El abrazo de calor al abrir la puerta
alivió sus manos. Aquel frío punzaba los huesos y había olvidado los guantes en la residencia. Su gorra se solapaba bajo una nieve que no daba tregua.
- He oído que tienes los mejores
remedios. Mi esposa sufre dolores insoportables de estómago. No hay médico ni
medicina que la alivie.

- Pruebe con esto, señor. Dígale a su
esposa que tome una cucharada al día.
El oficial volvió a la semana
siguiente. También a la otra. Echaba la vista atrás antes de irrumpir en la
tienda, arrebatándole al farmacéutico su breve y azorado sueño.
- Dame todos los botes que tengas.
Todos. ¡Los quiero todos! ¡Rápido! ¡Ahora!
El boticario corrió una madrugada más a su encuentro, escudriñó repisas y
cajones y acudió a la trastienda entre jadeos. Sumó 15. Los colocó sobre el mostrador con manos trémulas.

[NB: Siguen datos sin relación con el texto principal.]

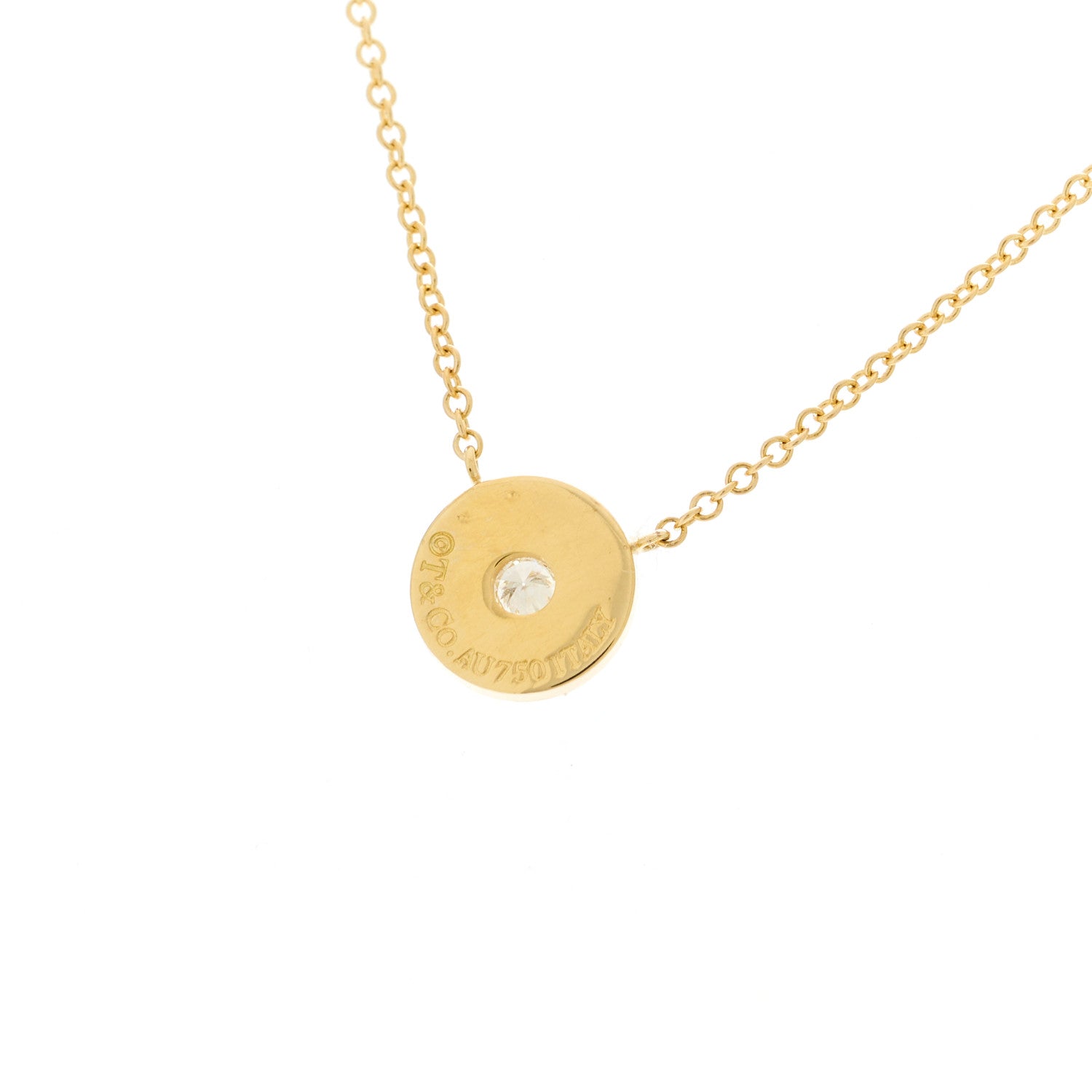 Tiffany 18K Yellow Gold Diamond 1837 Circle Pendant Necklace 6 of 7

- ¿Hay alguien que pueda continuar con esto cuando tú
ya no estés?
Comenzaba a escuchar las palabras en una agónica lejanía. Negó tajante con la cabeza.
- Corren rumores de que
vengo por aquí, que tengo tratos de favor contigo. No
puedo permitírmelo, ya me entiendes. Salgamos fuera.
El eco letal resonó
impregnado de una salvaje monotonía. Un rojo candente cercó la entrada a la tienda para
terminar escarchándose junto al blanco y a aquellos huesos y ropas enmudecidos. Meses
más tarde la familia del farmacéutico era deportada a Treblinka. El gueto de
Varsovia comenzaba a vaciarse, locales y viviendas iban quedando desiertos y sus
calles amarradas a memorias de lágrimas y sangre.
A las afueras de la ciudad, en una
segunda planta con lámparas de araña de relucientes cristales, la mujer del
oficial alemán finalizaba el bote número 15 y se colgaba de una de ellas días después.
Para entonces, ya había dejado de nevar.